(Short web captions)
+---+
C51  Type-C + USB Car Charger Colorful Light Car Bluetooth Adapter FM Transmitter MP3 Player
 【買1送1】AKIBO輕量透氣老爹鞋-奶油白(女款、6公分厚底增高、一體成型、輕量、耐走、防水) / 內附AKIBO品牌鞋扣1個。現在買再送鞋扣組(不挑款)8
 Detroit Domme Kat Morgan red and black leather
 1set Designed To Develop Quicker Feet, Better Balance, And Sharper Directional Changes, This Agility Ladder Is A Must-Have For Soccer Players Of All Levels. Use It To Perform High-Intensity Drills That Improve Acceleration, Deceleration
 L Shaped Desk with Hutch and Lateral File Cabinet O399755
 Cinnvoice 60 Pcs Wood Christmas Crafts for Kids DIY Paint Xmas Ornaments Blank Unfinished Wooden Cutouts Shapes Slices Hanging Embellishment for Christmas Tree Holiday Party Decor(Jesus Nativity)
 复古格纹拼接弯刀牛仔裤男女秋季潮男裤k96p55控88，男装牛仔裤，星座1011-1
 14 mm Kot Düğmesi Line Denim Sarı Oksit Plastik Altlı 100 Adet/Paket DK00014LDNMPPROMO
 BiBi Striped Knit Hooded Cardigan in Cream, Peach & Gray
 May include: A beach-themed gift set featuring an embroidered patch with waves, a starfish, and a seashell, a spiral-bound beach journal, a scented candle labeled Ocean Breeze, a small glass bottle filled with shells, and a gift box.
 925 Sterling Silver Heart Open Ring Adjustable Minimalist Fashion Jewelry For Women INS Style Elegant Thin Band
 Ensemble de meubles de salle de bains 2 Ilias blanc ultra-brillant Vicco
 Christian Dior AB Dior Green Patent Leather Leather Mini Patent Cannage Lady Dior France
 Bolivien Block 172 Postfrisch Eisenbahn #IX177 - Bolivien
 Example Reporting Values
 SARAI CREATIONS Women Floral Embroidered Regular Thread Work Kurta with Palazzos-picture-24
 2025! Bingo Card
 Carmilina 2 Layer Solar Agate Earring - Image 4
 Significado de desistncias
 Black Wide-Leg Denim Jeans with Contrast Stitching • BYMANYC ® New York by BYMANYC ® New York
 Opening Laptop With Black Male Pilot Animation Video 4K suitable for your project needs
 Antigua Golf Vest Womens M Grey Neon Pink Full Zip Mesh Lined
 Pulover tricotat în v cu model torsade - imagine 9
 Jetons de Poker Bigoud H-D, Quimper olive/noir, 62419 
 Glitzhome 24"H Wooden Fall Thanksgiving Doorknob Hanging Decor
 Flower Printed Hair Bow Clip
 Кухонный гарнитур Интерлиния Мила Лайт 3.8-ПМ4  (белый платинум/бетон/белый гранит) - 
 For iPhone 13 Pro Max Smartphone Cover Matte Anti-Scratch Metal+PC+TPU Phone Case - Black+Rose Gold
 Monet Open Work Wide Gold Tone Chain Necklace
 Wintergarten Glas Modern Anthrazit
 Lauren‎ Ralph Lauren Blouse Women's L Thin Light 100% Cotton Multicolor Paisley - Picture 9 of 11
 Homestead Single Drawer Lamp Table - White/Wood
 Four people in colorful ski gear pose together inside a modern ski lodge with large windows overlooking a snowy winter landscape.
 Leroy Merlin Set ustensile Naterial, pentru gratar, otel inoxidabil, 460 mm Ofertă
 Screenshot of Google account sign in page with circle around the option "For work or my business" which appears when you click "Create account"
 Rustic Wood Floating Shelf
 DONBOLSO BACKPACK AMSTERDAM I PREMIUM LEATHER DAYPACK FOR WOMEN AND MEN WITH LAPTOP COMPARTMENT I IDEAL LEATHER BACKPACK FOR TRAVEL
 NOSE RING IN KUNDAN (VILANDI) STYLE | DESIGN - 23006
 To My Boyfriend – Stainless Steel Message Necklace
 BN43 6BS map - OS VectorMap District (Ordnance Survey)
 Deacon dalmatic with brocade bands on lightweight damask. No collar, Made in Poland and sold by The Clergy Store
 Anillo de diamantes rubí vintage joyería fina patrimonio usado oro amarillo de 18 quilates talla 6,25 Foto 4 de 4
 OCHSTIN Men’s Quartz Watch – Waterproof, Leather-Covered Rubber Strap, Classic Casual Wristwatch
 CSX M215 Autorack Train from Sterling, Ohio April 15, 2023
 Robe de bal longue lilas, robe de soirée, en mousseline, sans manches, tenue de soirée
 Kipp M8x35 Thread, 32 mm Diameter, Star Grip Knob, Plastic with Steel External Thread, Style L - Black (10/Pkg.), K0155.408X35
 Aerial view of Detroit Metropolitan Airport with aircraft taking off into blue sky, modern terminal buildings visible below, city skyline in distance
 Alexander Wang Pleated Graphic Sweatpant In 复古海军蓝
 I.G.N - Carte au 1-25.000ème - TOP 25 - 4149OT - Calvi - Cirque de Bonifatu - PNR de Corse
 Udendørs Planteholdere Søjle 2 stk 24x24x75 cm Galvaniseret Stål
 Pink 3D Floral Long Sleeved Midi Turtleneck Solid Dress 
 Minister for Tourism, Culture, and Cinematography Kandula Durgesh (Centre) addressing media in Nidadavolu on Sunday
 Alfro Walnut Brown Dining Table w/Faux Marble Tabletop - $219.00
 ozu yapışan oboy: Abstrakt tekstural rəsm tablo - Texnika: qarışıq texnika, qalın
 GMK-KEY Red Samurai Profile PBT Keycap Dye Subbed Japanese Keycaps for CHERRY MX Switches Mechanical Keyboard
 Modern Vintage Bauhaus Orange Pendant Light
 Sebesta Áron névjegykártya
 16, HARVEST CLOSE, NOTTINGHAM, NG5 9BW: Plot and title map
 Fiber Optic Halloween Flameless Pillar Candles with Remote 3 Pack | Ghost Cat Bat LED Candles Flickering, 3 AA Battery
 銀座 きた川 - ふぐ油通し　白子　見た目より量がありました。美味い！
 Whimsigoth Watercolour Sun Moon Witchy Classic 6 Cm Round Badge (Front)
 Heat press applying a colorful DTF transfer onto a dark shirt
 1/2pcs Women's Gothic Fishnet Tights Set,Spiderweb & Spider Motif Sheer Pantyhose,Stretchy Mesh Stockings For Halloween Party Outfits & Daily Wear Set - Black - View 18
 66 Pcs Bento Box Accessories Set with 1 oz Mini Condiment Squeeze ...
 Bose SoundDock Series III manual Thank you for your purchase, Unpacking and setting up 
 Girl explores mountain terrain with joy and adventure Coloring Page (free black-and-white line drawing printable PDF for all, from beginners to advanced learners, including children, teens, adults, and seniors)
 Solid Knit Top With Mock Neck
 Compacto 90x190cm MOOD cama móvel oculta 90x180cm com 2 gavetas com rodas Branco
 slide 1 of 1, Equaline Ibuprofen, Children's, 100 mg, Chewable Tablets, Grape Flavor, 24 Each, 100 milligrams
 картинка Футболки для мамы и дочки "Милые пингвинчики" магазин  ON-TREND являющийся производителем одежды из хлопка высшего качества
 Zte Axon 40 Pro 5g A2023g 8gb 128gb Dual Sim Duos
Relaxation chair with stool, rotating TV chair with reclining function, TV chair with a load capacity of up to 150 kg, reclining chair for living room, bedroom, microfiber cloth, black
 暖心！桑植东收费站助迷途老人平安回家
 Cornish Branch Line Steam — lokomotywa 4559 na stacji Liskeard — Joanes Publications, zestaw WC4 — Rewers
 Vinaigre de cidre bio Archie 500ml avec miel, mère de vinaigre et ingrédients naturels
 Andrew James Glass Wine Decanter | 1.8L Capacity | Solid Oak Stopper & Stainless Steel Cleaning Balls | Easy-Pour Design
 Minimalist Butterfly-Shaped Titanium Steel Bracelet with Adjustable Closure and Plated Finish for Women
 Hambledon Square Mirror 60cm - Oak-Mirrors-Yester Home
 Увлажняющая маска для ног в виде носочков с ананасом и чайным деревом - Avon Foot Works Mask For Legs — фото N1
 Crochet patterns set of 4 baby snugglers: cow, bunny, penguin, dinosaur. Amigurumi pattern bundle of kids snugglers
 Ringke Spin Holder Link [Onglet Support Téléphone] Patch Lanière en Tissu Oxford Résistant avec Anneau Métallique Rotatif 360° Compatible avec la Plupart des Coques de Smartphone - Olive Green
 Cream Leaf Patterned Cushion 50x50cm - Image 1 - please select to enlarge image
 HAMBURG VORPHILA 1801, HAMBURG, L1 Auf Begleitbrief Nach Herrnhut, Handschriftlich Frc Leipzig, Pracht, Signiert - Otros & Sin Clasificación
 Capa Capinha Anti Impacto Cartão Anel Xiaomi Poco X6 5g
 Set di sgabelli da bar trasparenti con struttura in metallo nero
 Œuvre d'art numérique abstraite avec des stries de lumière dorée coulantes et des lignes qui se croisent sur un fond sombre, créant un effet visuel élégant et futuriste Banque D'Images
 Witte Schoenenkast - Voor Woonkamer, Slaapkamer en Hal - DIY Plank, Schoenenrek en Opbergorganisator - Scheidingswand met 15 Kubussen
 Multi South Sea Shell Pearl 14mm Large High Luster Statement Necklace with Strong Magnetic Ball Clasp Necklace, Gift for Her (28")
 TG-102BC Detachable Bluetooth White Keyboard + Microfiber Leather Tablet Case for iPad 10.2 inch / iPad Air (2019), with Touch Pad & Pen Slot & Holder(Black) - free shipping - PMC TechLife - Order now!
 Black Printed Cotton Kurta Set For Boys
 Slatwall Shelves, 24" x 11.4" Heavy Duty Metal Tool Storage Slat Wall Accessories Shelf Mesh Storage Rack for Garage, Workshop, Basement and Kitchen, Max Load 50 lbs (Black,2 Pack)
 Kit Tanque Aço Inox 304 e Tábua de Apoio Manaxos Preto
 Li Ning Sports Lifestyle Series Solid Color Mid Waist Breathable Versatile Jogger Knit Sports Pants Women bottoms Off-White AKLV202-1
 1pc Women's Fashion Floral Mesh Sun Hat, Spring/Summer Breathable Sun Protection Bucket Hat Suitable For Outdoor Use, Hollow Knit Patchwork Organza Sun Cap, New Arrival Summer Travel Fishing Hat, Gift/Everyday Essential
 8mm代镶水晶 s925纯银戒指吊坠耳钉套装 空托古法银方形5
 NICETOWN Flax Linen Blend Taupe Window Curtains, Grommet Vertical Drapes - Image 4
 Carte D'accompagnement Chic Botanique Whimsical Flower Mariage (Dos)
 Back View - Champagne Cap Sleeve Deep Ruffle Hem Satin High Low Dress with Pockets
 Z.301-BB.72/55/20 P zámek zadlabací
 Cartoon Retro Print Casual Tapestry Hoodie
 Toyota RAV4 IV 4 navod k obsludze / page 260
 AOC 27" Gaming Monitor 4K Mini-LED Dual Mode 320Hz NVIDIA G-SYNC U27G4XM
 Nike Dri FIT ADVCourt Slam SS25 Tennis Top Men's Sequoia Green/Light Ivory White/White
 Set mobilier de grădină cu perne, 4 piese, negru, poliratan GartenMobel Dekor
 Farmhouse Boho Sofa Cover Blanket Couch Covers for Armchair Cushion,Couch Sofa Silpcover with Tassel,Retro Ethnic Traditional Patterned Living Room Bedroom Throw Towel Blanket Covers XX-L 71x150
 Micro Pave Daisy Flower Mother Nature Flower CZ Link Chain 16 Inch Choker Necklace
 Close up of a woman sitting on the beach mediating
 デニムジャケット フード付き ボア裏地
+---+
__ASSIGNMENT__.
Your answer is a single number: the count of lines in the records holding the string "Breathable".

__WRITTEN ANSWER__.
2